Al mismo tiempo, el proyecto abría la puerta al e-commerce en un contexto especialmente competitivo, con marcas bien posicionadas dentro del sector alimentario. El reto no era solo vender, sino hacerlo sin perder identidad y, además, romper la estacionalidad del producto. Posicionar a El Almendro más allá de la campaña navideña, apostando por propuestas y formatos más innovadores que conectaran con el consumidor durante todo el año.
Para acompañar el lanzamiento del nuevo entorno digital, era necesario trabajar una estrategia de comunicación capaz de darle visibilidad y sostenerla en el tiempo. La web se concibió como un ecosistema completo, pensado para responder tanto a las necesidades de la marca como a las del usuario, con una estructura clara y optimizada para el posicionamiento orgánico.
Más allá del diseño, el foco estuvo en construir una plataforma útil, ordenada y preparada para crecer, donde cada parte cumpliera una función concreta dentro de una estrategia digital a largo plazo.



La línea gráfica y la creatividad se construyeron desde el respeto absoluto a la identidad visual de los productos.
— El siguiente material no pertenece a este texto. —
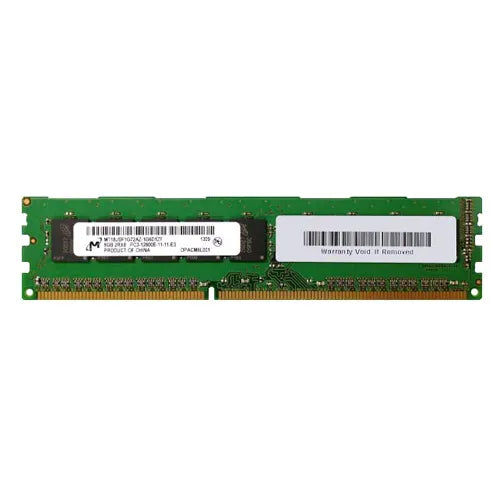 MT18JSF1G72AZ-1G6D1ZF Micron 8GB DDR3-1600MHz PC3-12800 ECC Unbuffered UDIMM CL11 2Rx8 1.5V 240-Pin Memory Module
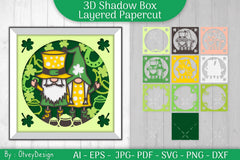 Gnome St. Patrick's Day Shadow Box SVG Bundle - CraftNest - Digital Crafting and Art
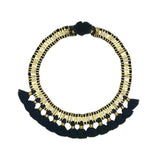 Temple Tassel Collar Necklace Ariel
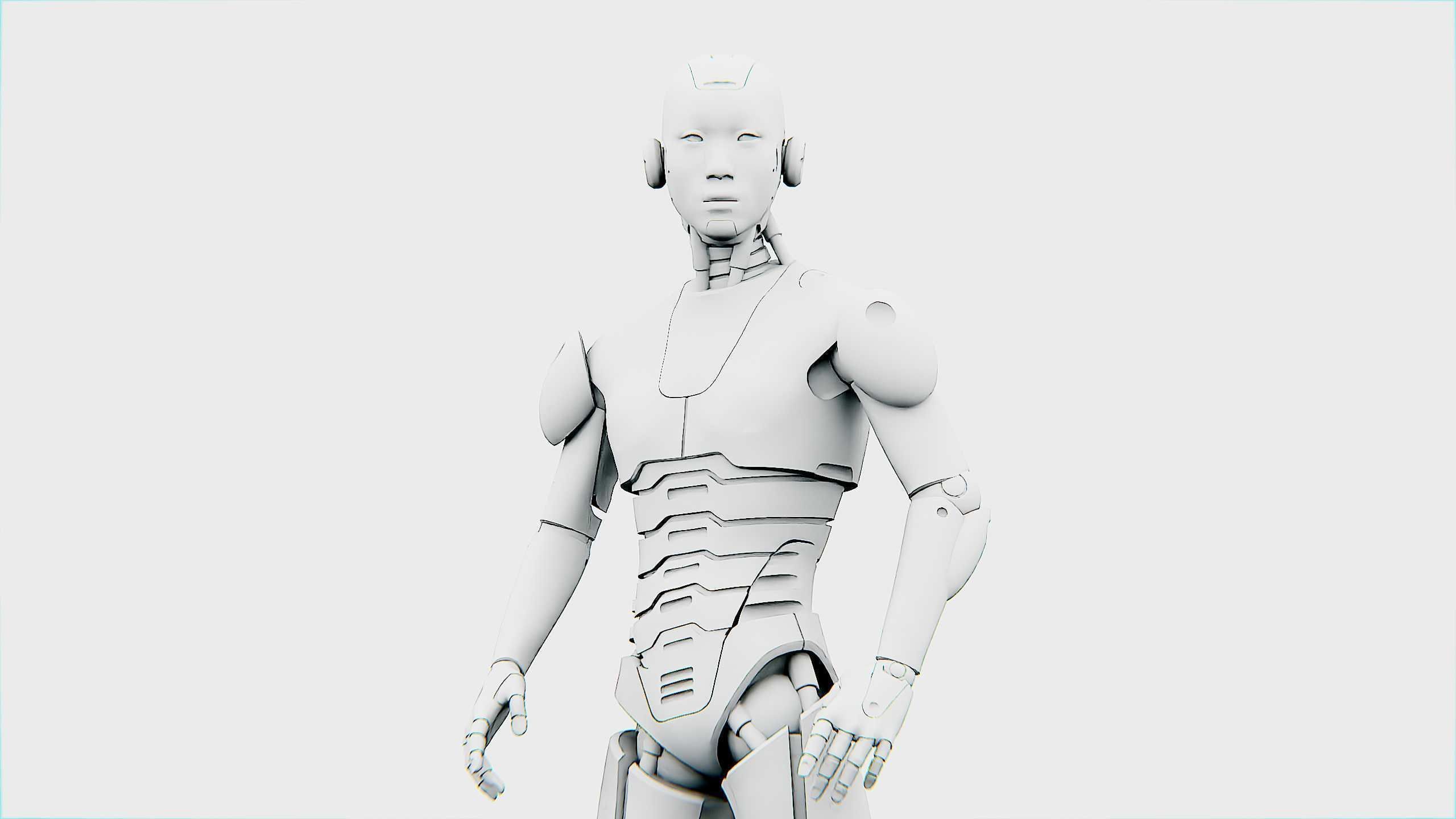 ANDROID M-3000  Rigged for Unreal Engine - Unity - MIXAMO  3D model_36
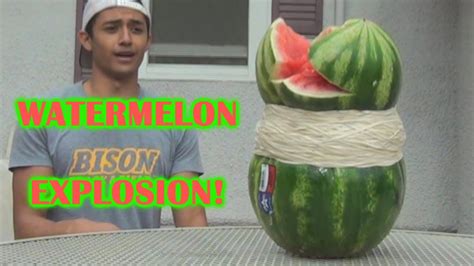 GIANT GMO WATERMELON CHALLENGE EXPLOSION! - YouTube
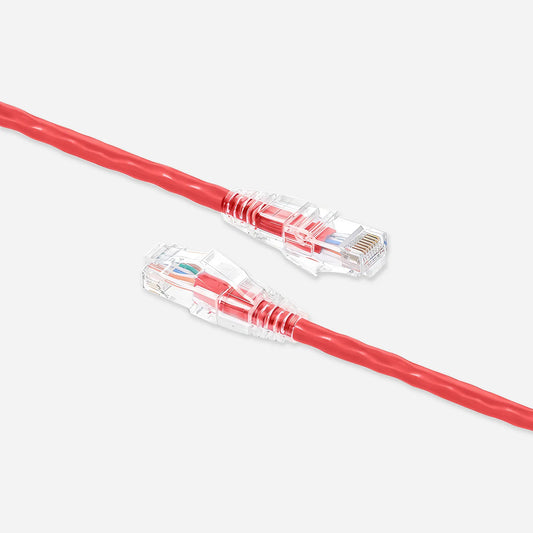 Cat5e Ethernet Patch Cables Booted UL Listed Red Network Cable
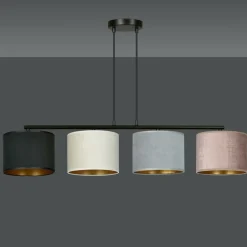 Sklep Kaja Szeroka lampa wisząca z kolorowymi abażurami 1055/4 HILDE | Kaja Sale
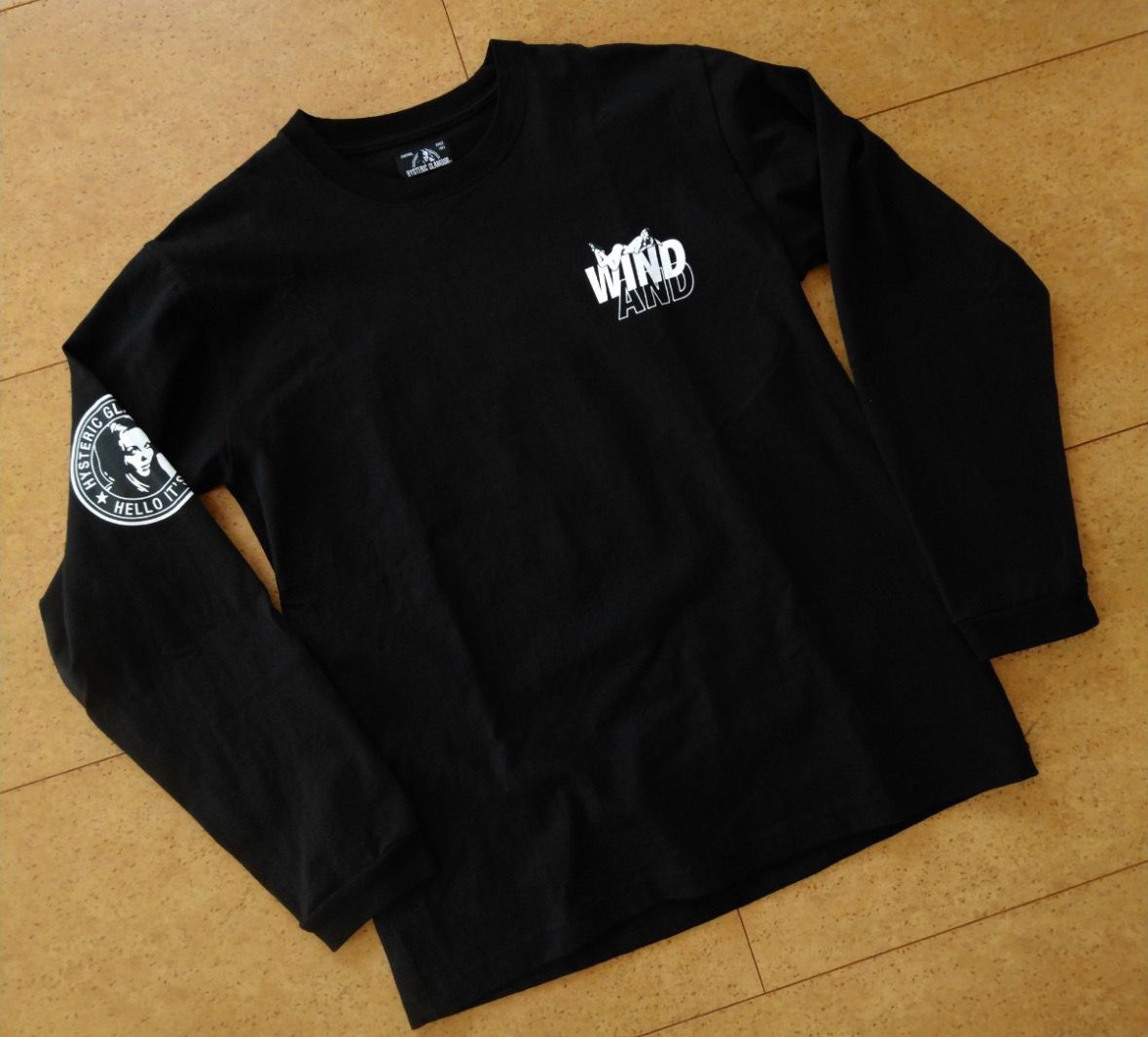 HYSTERIC GLAMOUR×WINDANDSEA L/S T-SHIRT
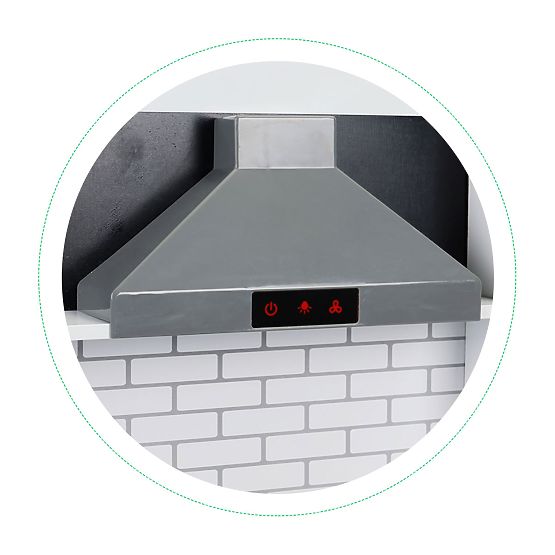 Cuisine en bois pour enfants + sons et lumières ECOTOYS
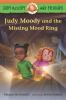 Book cover for "Judy Moody and the missing mood ring".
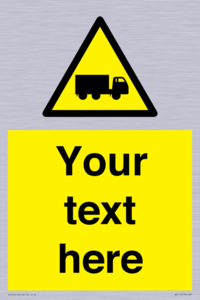 Custom Lorry Hazard Sign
El diseño del e-commerce se adaptó a cada categoría, utilizando los propios códigos del packaging para reforzar el reconocimiento y facilitar la navegación. Cada detalle visual estaba pensado para acompañar la venta del producto, alineándose con lo que el consumidor ya reconoce y valora de la marca.
El mayor reto fue hacer convivir dos universos muy distintos dentro de un mismo entorno digital. Por un lado, los productos y dulces tradicionales de Navidad. Por otro, una gama más funcional y actual, como las barritas fit. El diseño resolvió esta convivencia de forma natural y amable, creando una experiencia cómoda para el usuario, donde ambos mundos encajan sin fricciones y sin que el cambio resulte forzado o evidente.